**THE INPUT**:
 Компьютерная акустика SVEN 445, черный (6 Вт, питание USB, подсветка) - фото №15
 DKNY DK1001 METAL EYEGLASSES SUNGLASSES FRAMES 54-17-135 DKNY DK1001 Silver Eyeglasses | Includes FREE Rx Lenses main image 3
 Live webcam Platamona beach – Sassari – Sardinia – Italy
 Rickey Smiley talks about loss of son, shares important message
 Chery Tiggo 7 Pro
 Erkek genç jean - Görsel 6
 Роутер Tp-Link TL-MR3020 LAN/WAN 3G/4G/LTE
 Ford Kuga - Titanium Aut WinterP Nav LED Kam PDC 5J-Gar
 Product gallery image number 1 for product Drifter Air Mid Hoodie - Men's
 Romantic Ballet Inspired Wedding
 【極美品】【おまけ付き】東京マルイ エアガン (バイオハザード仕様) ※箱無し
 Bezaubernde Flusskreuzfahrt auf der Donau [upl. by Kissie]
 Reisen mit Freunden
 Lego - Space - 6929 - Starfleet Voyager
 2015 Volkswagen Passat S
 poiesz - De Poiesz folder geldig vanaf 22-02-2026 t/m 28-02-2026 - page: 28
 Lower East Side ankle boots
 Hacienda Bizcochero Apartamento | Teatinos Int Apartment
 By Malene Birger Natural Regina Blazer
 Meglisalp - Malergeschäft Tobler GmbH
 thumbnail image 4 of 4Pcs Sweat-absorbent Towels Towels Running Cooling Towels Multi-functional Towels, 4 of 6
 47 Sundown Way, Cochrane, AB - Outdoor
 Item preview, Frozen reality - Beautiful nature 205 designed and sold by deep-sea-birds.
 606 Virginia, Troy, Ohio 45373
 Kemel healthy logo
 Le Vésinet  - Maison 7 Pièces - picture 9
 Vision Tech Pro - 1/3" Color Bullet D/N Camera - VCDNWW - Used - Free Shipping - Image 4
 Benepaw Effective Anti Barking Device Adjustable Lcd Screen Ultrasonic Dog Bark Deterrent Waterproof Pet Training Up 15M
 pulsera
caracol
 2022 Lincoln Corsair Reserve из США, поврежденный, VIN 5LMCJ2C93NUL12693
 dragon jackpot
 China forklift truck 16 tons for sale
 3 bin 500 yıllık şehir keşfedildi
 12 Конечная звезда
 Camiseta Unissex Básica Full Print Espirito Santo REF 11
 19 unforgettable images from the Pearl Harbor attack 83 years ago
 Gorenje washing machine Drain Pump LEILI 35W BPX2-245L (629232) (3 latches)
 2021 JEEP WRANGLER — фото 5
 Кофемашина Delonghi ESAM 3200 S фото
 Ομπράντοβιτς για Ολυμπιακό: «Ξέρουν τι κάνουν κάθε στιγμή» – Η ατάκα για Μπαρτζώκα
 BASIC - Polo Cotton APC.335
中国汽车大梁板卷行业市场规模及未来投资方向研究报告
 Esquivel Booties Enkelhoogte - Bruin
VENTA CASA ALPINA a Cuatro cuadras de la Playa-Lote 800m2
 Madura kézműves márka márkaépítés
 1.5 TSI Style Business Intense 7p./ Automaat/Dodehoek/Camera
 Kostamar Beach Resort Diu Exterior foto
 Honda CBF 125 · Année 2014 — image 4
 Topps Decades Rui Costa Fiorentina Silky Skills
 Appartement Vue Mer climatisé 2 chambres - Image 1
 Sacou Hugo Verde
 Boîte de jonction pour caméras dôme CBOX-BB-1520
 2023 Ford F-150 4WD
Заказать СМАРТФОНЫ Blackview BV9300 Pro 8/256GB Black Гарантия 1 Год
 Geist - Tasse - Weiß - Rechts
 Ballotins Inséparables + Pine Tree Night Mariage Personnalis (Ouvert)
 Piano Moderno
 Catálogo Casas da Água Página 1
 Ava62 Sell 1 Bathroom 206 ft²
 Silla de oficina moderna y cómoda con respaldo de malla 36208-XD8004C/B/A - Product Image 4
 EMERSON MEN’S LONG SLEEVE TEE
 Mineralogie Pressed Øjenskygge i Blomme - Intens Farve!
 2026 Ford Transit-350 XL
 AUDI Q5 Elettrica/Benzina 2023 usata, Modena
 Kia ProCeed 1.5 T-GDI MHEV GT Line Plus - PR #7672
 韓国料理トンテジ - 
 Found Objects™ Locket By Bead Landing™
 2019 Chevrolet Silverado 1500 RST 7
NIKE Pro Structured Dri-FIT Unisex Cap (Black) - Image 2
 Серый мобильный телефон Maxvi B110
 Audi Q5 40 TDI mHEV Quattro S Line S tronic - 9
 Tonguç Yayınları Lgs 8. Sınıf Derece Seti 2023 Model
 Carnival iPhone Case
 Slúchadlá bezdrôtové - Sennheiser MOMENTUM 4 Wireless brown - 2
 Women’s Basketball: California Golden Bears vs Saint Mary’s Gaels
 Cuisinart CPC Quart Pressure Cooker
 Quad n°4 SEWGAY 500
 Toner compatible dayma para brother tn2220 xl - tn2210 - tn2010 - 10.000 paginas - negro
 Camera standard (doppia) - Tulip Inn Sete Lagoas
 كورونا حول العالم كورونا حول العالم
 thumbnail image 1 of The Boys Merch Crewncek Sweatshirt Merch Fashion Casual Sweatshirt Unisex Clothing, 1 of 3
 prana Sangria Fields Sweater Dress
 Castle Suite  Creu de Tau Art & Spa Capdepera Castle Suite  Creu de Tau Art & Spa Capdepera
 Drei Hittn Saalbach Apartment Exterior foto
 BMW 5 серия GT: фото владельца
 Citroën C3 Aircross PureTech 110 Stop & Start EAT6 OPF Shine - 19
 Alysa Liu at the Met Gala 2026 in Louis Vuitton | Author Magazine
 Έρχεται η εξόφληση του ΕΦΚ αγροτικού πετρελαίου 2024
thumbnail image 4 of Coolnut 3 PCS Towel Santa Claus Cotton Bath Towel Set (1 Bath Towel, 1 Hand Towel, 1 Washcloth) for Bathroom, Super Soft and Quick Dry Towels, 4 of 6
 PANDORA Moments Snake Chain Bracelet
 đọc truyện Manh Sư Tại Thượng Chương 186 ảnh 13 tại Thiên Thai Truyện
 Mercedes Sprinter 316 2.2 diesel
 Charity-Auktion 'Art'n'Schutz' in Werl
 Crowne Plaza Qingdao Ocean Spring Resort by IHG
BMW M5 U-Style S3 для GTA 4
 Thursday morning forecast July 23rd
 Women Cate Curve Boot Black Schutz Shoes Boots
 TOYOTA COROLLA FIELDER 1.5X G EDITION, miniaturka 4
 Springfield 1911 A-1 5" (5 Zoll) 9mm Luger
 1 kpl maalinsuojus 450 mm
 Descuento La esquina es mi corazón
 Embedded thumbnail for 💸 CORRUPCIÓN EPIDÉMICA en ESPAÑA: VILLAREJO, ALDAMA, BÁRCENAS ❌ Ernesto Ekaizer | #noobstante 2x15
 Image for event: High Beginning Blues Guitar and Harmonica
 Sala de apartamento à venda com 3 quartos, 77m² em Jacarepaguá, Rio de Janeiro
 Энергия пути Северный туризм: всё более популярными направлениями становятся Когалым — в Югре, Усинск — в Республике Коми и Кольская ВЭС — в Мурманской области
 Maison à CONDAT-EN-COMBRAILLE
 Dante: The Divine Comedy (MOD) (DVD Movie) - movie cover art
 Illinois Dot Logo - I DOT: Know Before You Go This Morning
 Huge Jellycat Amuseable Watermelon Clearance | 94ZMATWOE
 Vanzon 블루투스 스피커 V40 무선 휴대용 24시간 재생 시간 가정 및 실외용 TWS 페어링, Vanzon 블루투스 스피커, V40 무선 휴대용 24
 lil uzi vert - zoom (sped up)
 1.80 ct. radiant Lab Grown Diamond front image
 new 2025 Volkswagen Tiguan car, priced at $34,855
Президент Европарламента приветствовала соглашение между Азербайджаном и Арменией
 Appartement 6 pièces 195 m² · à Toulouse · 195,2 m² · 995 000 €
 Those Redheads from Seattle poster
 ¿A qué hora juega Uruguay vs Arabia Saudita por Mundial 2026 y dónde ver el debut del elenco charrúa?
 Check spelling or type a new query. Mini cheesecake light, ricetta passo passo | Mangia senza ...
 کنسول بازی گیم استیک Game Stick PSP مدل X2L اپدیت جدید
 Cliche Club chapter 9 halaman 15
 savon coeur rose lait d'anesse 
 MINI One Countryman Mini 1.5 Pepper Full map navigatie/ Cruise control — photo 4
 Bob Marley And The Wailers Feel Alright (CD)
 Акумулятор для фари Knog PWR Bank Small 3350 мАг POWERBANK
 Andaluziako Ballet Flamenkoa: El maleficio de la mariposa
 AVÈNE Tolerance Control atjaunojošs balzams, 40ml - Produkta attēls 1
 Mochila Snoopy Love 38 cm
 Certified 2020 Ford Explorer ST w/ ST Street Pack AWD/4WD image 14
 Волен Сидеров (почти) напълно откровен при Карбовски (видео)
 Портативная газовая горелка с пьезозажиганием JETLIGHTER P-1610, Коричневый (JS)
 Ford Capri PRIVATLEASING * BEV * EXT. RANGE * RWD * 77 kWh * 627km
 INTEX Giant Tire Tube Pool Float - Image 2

**ASSIGNMENT**:
Find and show each line of the listing with the word "Maison".

**ANSWER TO THE EXERCISE**:
 Le Vésinet  - Maison 7 Pièces - picture 9
 Maison à CONDAT-EN-COMBRAILLE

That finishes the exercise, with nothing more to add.